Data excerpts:
---+---

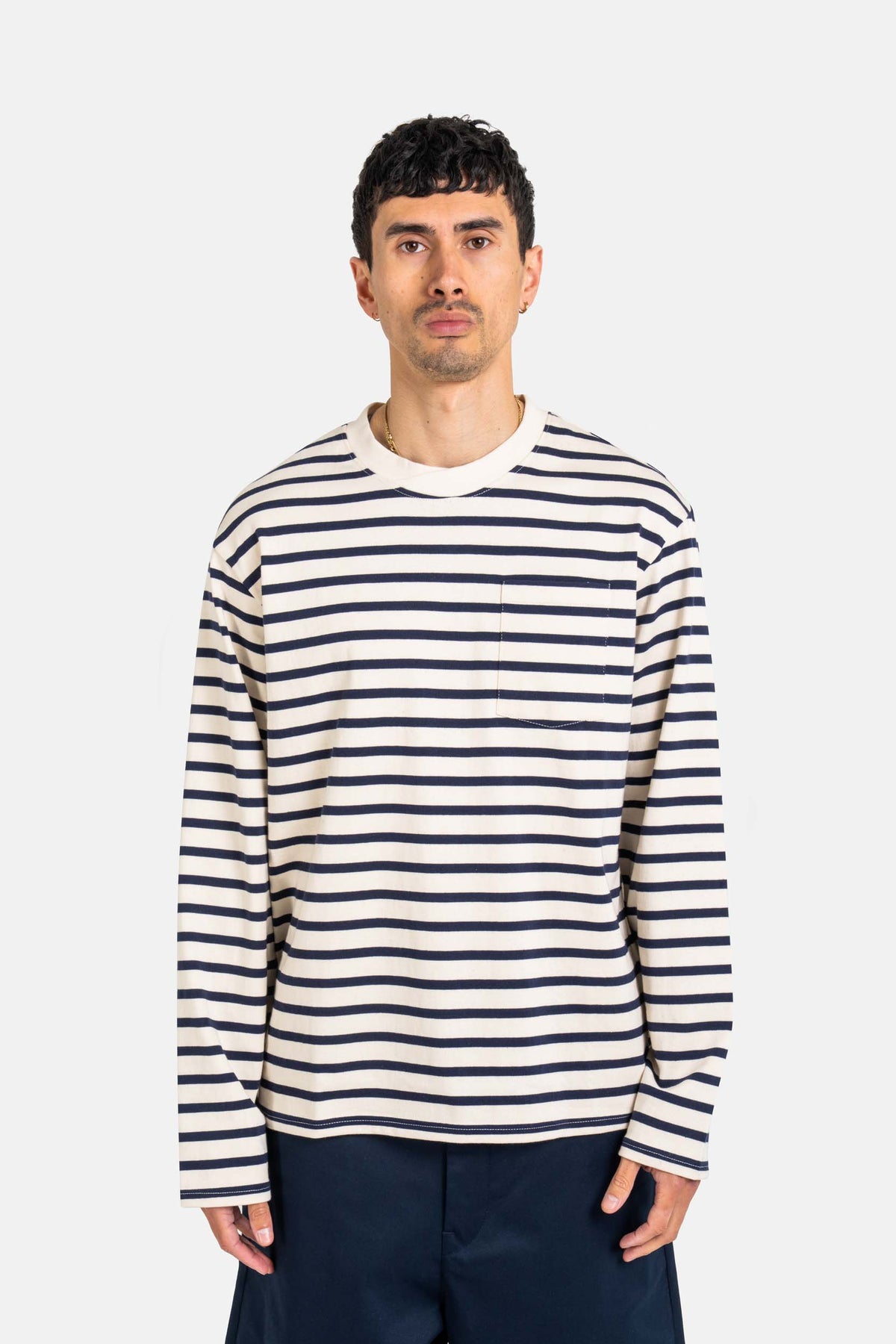 Cross Longsleeve Offwhite / Navy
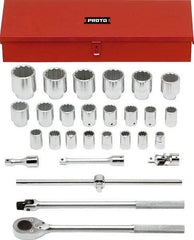 Proto - 28 Piece 3/4" Drive Chrome Finish Socket Set - 12 Points, 21mm to 60mm Range, Metric Measurement Standard - Apex Tool & Supply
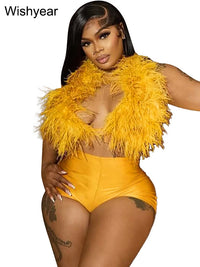 Sexy Night Club 2 Piece Pants Set Women Summer Furs Halter Tank Tops and Tight Stretch Shorts Hot Girls Midnight Party Suits y2k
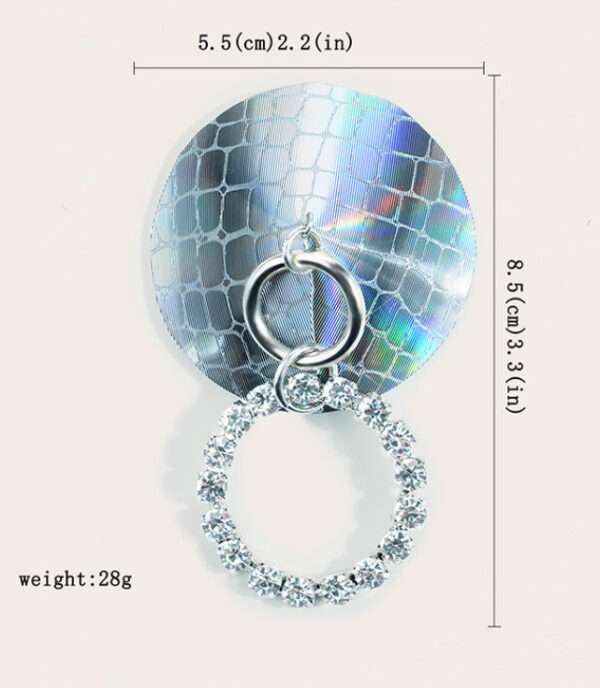 Rhinestone Chest Ornament Round Pull Ring Nipple Stick - Image 5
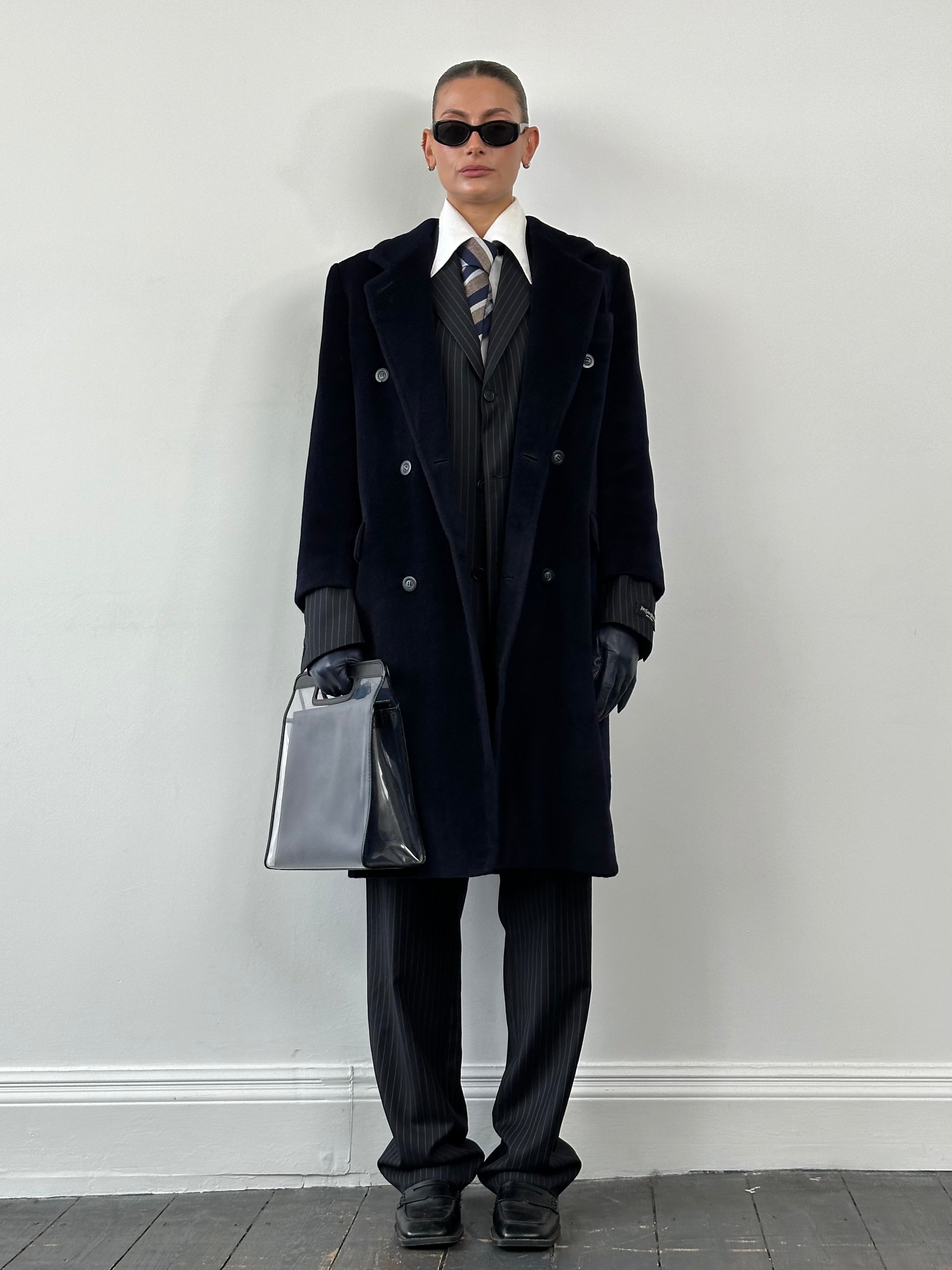 Max Mara double-breasted wool coat in size M, featuring classic lapels and tailored fit, shown on a hanger.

---+---

- _What this task involves_
Write every entry out again exactly, images omitted.

- _Response box_
 Cross Longsleeve Offwhite / Navy
 Proto - 28 Piece 3/4" Drive Chrome Finish Socket Set - 12 Points, 21mm to 60mm Range, Metric Measurement Standard - Apex Tool & Supply
 Sexy Night Club 2 Piece Pants Set Women Summer Furs Halter Tank Tops and Tight Stretch Shorts Hot Girls Midnight Party Suits y2k
 Rhinestone Chest Ornament Round Pull Ring Nipple Stick - Image 5
 Max Mara double-breasted wool coat in size M, featuring classic lapels and tailored fit, shown on a hanger.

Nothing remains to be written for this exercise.